▸ **The problem**: For the material that follows, return exactly the lines from the one with "C14orf166 Antibody - IHC" through the one with "Fig. 17 - Implants/procedures", both ends included.

▸ **Records provided**:
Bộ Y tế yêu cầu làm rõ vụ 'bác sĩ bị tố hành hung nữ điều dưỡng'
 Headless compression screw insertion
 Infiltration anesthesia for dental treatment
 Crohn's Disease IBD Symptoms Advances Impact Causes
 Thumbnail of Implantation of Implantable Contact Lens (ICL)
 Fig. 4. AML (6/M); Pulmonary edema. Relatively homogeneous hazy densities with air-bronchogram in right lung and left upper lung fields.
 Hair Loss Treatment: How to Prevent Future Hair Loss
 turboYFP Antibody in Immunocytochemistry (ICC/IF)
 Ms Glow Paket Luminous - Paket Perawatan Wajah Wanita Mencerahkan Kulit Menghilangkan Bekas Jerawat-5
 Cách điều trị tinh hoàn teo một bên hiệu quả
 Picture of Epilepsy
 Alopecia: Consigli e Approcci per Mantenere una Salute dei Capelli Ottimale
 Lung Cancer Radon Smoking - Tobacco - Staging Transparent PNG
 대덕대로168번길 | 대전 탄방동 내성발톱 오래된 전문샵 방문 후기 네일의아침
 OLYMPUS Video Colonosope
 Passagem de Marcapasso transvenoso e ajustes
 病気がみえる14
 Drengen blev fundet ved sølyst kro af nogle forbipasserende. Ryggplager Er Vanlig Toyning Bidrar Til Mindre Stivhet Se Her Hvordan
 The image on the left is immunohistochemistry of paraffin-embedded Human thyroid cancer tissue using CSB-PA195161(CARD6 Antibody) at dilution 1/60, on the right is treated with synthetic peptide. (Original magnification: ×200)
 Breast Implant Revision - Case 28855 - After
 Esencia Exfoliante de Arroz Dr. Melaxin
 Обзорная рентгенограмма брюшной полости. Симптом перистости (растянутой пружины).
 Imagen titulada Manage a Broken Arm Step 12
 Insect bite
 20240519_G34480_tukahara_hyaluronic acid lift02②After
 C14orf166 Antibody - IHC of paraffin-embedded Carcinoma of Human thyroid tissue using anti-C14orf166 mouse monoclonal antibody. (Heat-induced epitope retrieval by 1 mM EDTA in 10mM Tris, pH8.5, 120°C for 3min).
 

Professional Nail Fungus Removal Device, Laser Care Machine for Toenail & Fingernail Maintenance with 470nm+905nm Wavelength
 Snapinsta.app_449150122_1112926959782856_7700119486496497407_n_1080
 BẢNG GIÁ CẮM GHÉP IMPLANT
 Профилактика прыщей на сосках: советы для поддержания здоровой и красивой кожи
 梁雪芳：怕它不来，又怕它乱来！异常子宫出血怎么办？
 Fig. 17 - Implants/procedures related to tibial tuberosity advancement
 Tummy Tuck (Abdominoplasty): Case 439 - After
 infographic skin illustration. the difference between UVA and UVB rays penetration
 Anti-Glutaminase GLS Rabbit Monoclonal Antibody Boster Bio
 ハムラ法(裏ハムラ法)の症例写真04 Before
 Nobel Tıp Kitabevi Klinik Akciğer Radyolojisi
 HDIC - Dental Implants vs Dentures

▸ **Solution for this exercise**:
 C14orf166 Antibody - IHC of paraffin-embedded Carcinoma of Human thyroid tissue using anti-C14orf166 mouse monoclonal antibody. (Heat-induced epitope retrieval by 1 mM EDTA in 10mM Tris, pH8.5, 120°C for 3min).
 

Professional Nail Fungus Removal Device, Laser Care Machine for Toenail & Fingernail Maintenance with 470nm+905nm Wavelength
 Snapinsta.app_449150122_1112926959782856_7700119486496497407_n_1080
 BẢNG GIÁ CẮM GHÉP IMPLANT
 Профилактика прыщей на сосках: советы для поддержания здоровой и красивой кожи
 梁雪芳：怕它不来，又怕它乱来！异常子宫出血怎么办？
 Fig. 17 - Implants/procedures related to tibial tuberosity advancement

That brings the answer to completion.